Now, I could list 542 things that I would have done differently knowing what I know now. But, I want to point out the fact that when I photographed Ryan’s senior photos, I never thought I would be a wedding photographer, like ever. Weddings, brides, white dresses…all terrifying. But, with TIME, weddings have become my specialty and the very thing in my business that fills me up the most. Suddenly I didn’t feel so stuck. Crazy, right? I realized that comparing my then and now is much more motivating and ACCURATE than comparing myself to other people's individual success.
Ryan and I have always looked to the future. We have this strong desire to constantly achieve. And, I hope you don't take that in a “look at how great we are” kind of way. I’m saying it because we never feel like we are quite there. We just keep working past that goal, and on to the next one, and never take the time to enjoy where we are. So, we left our empty plate of wings reminding each other to enjoy where we are, and to find pride in how far we have come.

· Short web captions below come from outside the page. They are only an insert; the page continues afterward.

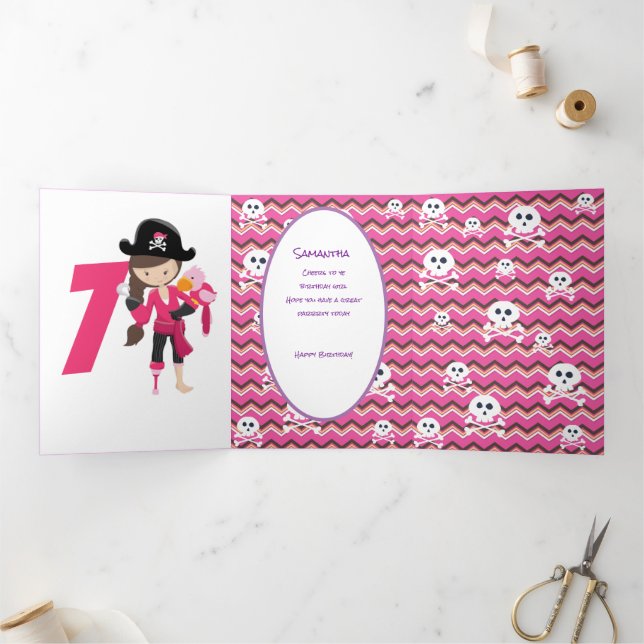 Pink Pastle Pirate Girl 7th Birthday  Tri-Fold Card (Inside)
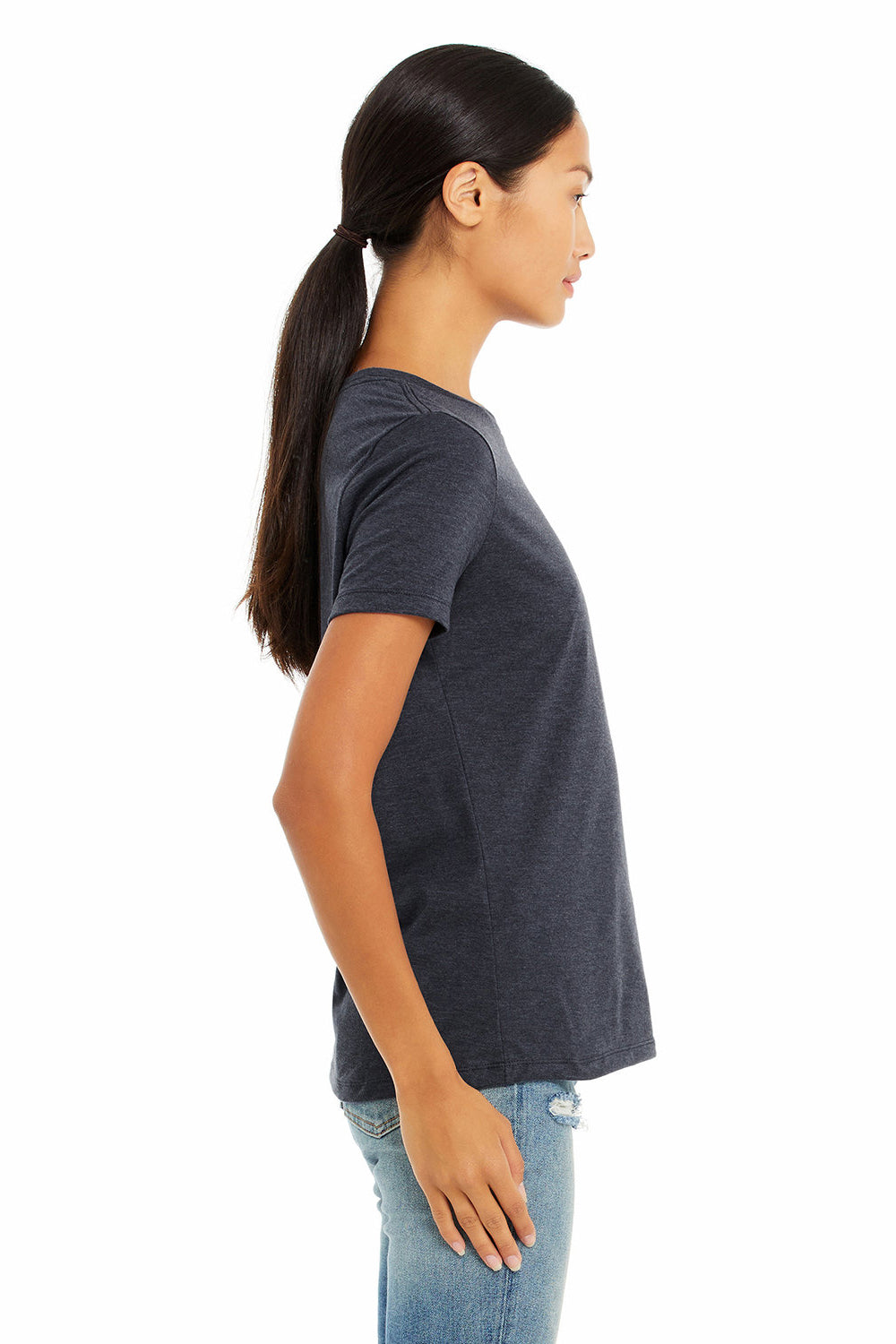 Bella + Canvas BC6400CVC/6400CVC Womens CVC Short Sleeve Crewneck T-Shirt Heather Navy Blue Model Side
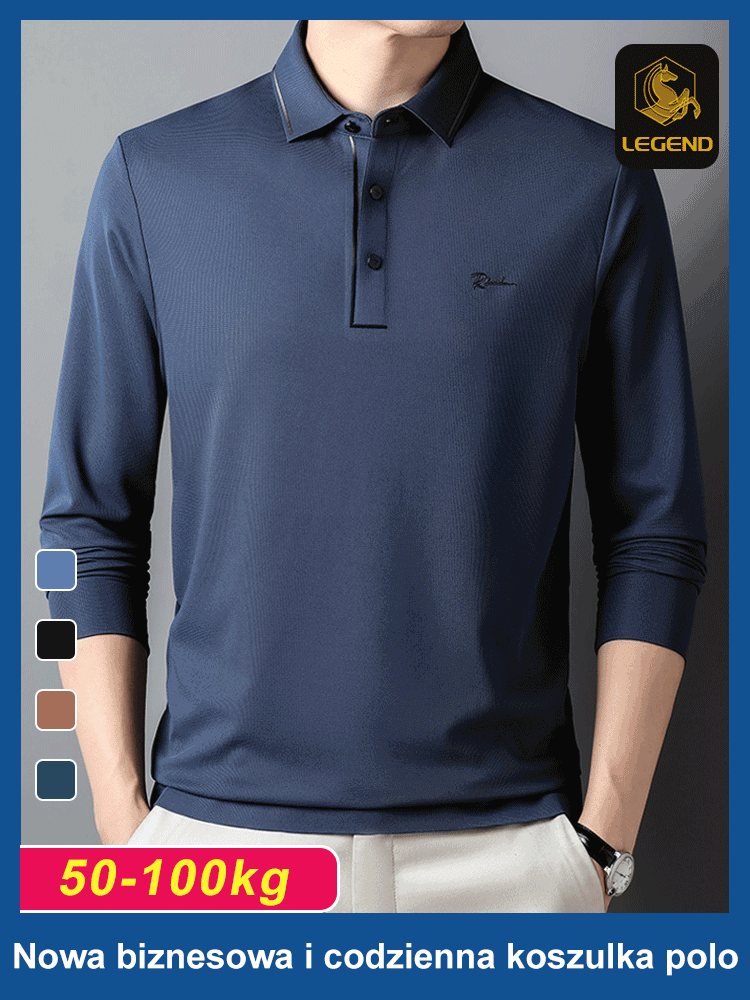 Nova camisa pólo empresarial e casual com mangas compridas e lapelas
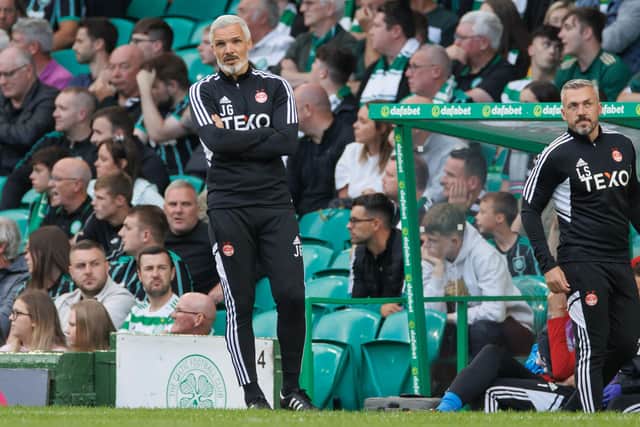 GLASGOW, SCOTLAND - JULY 31: Jim Goodwin, the former Aberdeen manager, looks on during the Cinch Scottish Premiership match between Celtic FC and Aberdeen FC at Celtic Park on July 31, 2022 in Glasgow, United Kingdom. (Photo by Steve Welsh/Getty Images)
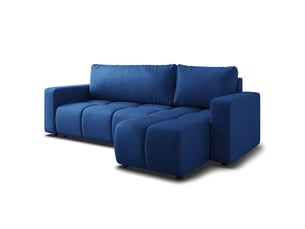 Canapé d'angle réversible convertible MASSENO 3 places Polyester bleu avec coffre de rangement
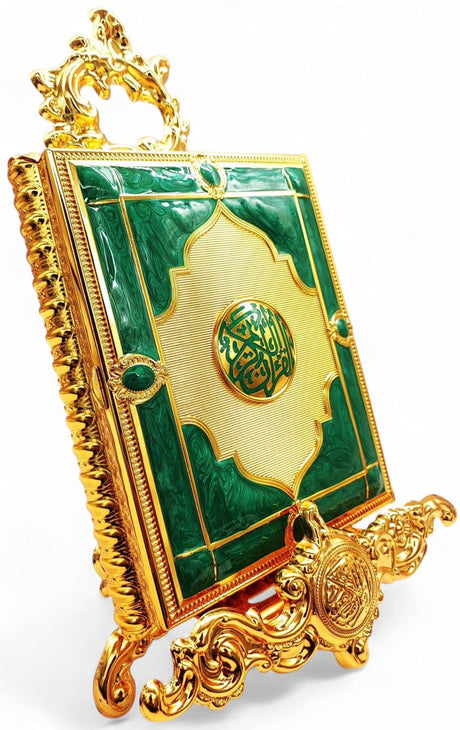 Quran Box With Stand Golden Green Medium 22x17cm - Al Kabayel Discount CentreQuran Box With Stand Golden Green Medium 22x17cmHome Décor AccentsAKDCAl Kabayel Discount Centre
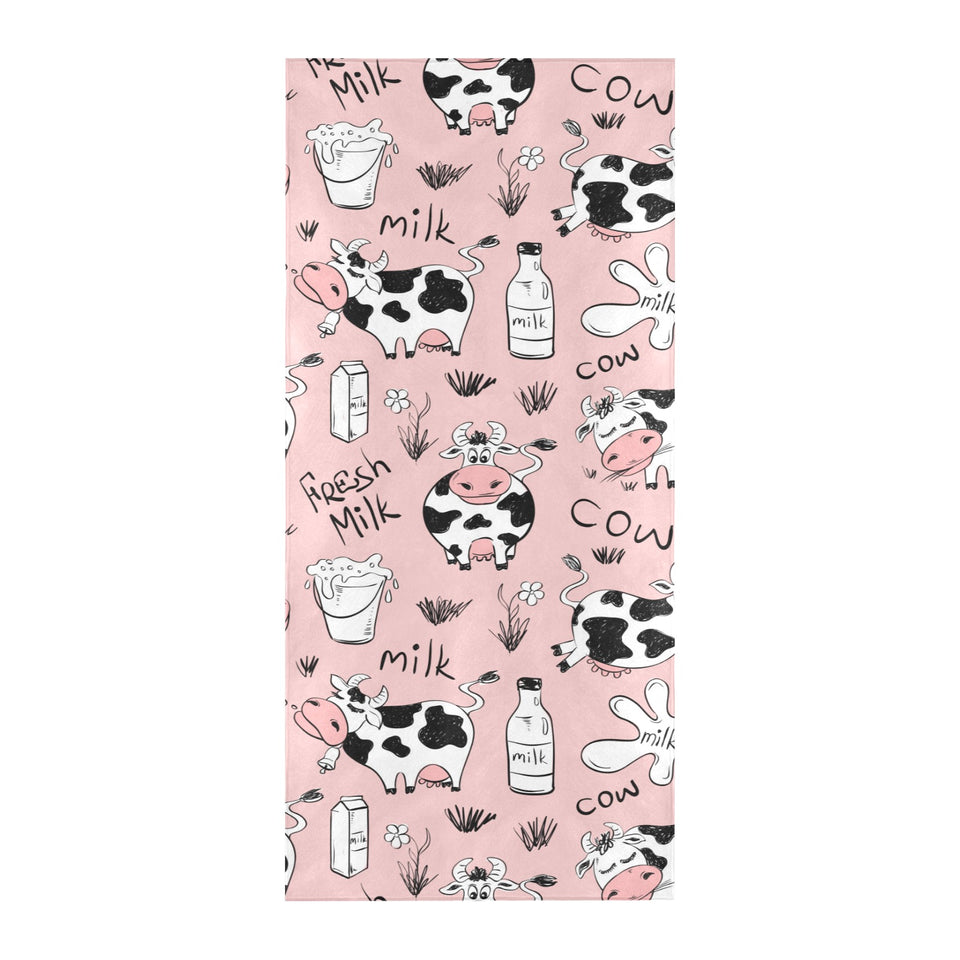 Cows milk product pink background Beach Towel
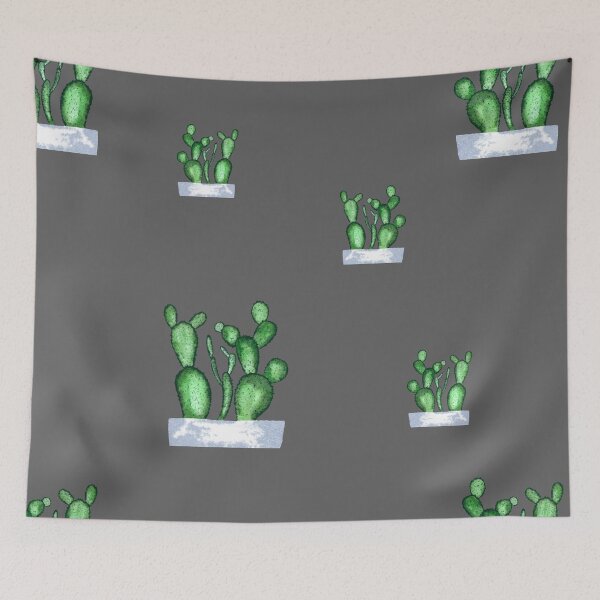 Item preview, Cactus green seamless pattern a watercolor sketch grey  designed and sold by Yana Mustafina | Boho Soulful Designs.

I'm taking this struggle public because I know that this isn’t just me. You have big goals that you are struggling with too. With your life, with your career, with your health, with your wedding, with your home. I am sharing my struggle in hopes that this blog post can be your “wing night”. I am here to tell you that it is okay to constantly be striving for something greater, and it is also okay to take the time to enjoy where you are. Look back at where you started, reward yourself for how far you’ve come, and let that be the motivation you need to put your head back down and keep working toward your biggest goals.